The School of Engineering and Applied Science is proud to have on display four of the original 40 panels of the ENIAC, located on the ground floor of the Moore School Building. The artifacts represent approximately one-tenth of its original size.
Preceding Technologies
Computation devices themselves are as ancient as the human race, and their story has also been rehearsed all the way back to the earliest digital devices – the fingers – by way of piles of stones to “Napier’s Bones,” an analogue device invented by the father of logarithms. The abacus is still in use after 5,000 years, while the slide rule, invented in 1621, was only superseded by the modern computer. Read on to learn about the inventions which contributed to the development of ENIAC and eventually, the computers we use today.
Mechanical Brains – These allowed humans to calculate larger mathematical operations faster than could be done “in the head” alone. Examples of these are:
The Abacus: Decks of beads and rods used to calculate addition, subtraction, division and multiplication, along with being able to extract square and cube roots. Learn more.
The Slide Rule: Ruler-shaped device used to calculate multiplication and division, along with more advanced functions such as logarithms and trigonometry. Learn more.

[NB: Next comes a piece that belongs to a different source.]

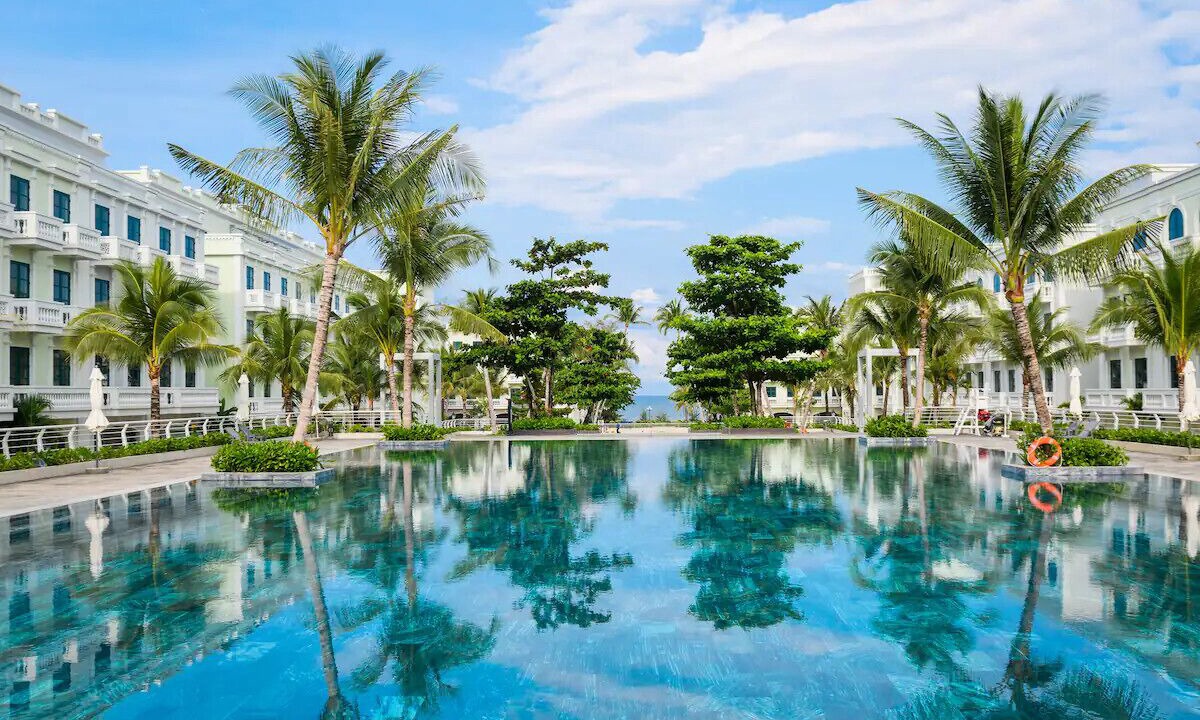 Photo of Outdoor in Duong To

The Difference Engine: Developed by Charles Babbage, this machine was an automatic calculator used to calculate polynomial functions. Learn more.
Mechanical Calculators: Various calculating machines, from desk-top size to hand-held, that allowed users to perform advanced mathematical functions. Learn more.
The Differential Analyser: At Penn Engineering, the Differential Analyser was in use and operated by secret human “computors,” women during World War II who were employed at The Moore School doing ballistics calculations for the war effort. The Differential Analyser is considered by many to be ENIAC’s closest relative. Learn more.
Vacuum Tubes – used to create switches by manipulating the flow of electrons. Common uses were found in early radio and television sets. The better the tubes became, the faster switches were able to be turned on and off. This led to a faster computer, because computers at the time relied on these switches. Learn more.
Punched Cards – this technology was in the form of paper cards that contained digital information by the punched out holes in predetermined patterns on the cards. These cards were used in such areas as fairgrounds (to operate the player-pianos and organs) to controlling the textile looms in industrial mills. Punch cards were one of the earliest forms of data storage and programming of computers. Learn more.
The Inventors: John W. Mauchly and J. Presper Eckert, Jr.
The operators of the Differential Analyser – the team of women dubbed “human computors” and who were recruited and trained to run ballistics calculations for the war effort, were not the only ones working under top secret conditions at The Moore School.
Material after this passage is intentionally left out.